Human Review of the Data

Next, each pair of inputs and outputs should be manually reviewed. The review captures whether the response is positive or negative and includes free form annotation describing the most significant error found in the set. The reviewer needs to be someone that is capable of assessing the quality of the output. Sometimes this may be the developer, but other times it will need to be a domain expert that knows more about the specific subject at hand.

Categorize and Analyze the Data

Once all of the data has been reviewed, the annotations should be categorized by failure mode. An LLM can be used to create the categories from the free form notes and then put each piece of feedback into the correct error category. The result is a list of categories representing the errors found in the dataset and a count of how often they occur in the dataset.

Fix and Improve the Most Common Issues

Now that you have analyzed actual data from your application, you should have a much better idea of how it behaves. The failure modes that are most frequent in your dataset are a high ROI target for your application developers to fix. Prompt engineering is the most straightforward way to make changes to an LLM-based application. Other options can include changes to your code or changes to more advanced AI systems within your software.

Iterate

The entire process, from viewing your data to implementing fixes, is a cycle. Once an update has been made to your application, go back to the beginning, step 1, and start error analysis again. You should test similar inputs again until you are happy with the improvements. Then, continue working through this loop with new and varied inputs to find additional failure modes.

Post Error Analysis

There is no exact science on when to move on from error analysis. Shreya Shanker is an AI systems researcher in the UC Berkeley Data Systems and Foundations Group. Regarding error analysis, she recommends, "Collect representative examples and categorize failure modes. You must look at your data until you reach "theoretical saturation" - the point where reviewing additional examples reveals no new failure modes." Both Hamel Husain and Shreya Shankar advocate for starting with this manual, in-depth analysis of your data before building complex evaluation infrastructure.

Once the error analysis cycle has hit "theoretical saturation", the next step is setting up automated evaluations with LLM-as-a-Judge. You can now create custom evaluations that target the error categories that you have improved and/or fixed. The goal of the automated tests is to "lock in" your progress and ensure that these specific problems don't reappear in the future. They become regression tests.

Effective Human Review Interface

When performing error analysis, both Hamel Husain and Shreya Shankar emphasize the need for a well-designed review interface. While the reviewer must be a subject matter expert, they may not always be technically savvy. Thus, the interface is not meant to be a complex, feature-bloated dashboard, but rather a purpose-built tool that removes all friction from data inspection. The interface is designed to help rapidly select data and provide feedback.

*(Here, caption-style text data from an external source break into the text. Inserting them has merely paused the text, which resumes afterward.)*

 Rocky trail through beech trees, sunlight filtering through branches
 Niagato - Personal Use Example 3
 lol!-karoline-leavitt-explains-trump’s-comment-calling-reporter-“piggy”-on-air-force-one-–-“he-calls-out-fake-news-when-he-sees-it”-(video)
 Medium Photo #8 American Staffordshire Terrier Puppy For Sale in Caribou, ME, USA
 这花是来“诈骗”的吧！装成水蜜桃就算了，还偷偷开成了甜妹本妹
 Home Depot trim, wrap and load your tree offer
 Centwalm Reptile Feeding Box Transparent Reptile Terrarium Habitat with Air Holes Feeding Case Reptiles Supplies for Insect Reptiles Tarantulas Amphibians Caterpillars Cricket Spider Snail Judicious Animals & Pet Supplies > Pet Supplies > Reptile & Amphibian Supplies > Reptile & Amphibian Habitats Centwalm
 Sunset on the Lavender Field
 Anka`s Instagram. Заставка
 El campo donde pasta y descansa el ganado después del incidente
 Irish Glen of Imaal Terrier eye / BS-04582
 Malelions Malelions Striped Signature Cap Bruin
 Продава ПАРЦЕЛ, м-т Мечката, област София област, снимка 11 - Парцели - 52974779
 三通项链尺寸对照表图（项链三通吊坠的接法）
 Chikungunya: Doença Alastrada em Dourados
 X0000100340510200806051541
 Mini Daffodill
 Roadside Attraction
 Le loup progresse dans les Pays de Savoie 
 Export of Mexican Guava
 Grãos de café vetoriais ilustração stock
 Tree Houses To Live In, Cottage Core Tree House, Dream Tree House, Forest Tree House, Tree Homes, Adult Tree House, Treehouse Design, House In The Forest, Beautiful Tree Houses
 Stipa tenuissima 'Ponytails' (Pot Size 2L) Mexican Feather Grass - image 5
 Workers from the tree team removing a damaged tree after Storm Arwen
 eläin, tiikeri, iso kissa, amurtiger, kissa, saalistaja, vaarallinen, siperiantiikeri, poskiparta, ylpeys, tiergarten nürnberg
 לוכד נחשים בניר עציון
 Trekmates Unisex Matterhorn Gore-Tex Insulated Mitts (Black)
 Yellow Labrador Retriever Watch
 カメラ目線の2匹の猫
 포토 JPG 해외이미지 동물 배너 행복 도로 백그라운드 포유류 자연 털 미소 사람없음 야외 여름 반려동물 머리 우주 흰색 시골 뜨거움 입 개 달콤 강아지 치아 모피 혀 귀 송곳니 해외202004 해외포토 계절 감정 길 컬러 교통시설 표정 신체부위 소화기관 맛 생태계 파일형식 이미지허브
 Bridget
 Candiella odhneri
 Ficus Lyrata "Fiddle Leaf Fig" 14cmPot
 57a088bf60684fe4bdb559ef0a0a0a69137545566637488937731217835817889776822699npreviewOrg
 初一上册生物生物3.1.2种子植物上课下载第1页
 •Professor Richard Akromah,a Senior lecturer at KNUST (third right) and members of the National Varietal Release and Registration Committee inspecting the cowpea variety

The ideal data viewer, as envisioned by experts like Husain and Shankar, is less of a generic logging tool and more of a bespoke, interactive workbench. It is built to be the fastest path to understanding where an LLM application is failing, empowering developers and domain experts to turn raw data into actionable insights. If you have the resources available, Husain and Shankar make the case for a custom review interface. For teams that do not have the resources to make a custom interface, they suggest using existing solutions to get started.

Two categories of tools can help with error analysis: AI evaluation software and data labeling platforms. AI evaluation software features a variety of options to observe, test, and evaluate traces from an AI-based application. Data labeling platforms are focused on annotation of traces and organizing those annotations. They do not collect traces or provide automated evaluations.

AI Evaluation Software

Langsmith and Phoenix are two popular tools that focus on observability and evaluation of AI software. The featuresets of both applications are massive, and include the collection of traces, manual annotations, and automated evaluations with LLM-as-a-Judge. Langsmith is a closed source application that offers a free tier of usage. However, teams utilizing the free tier are not able to self host, and thus, do not have full ownership of their data. Phoenix is open source, has a free tier, and does allow self hosting.

Trade-Offs

Despite being free and including many features, these tools have a steep learning curve. They are ideal for power users and development teams that are experienced with evaluating AI applications. A team newer to evaluations would have a difficult time knowing where to start and how to effectively test and improve their application.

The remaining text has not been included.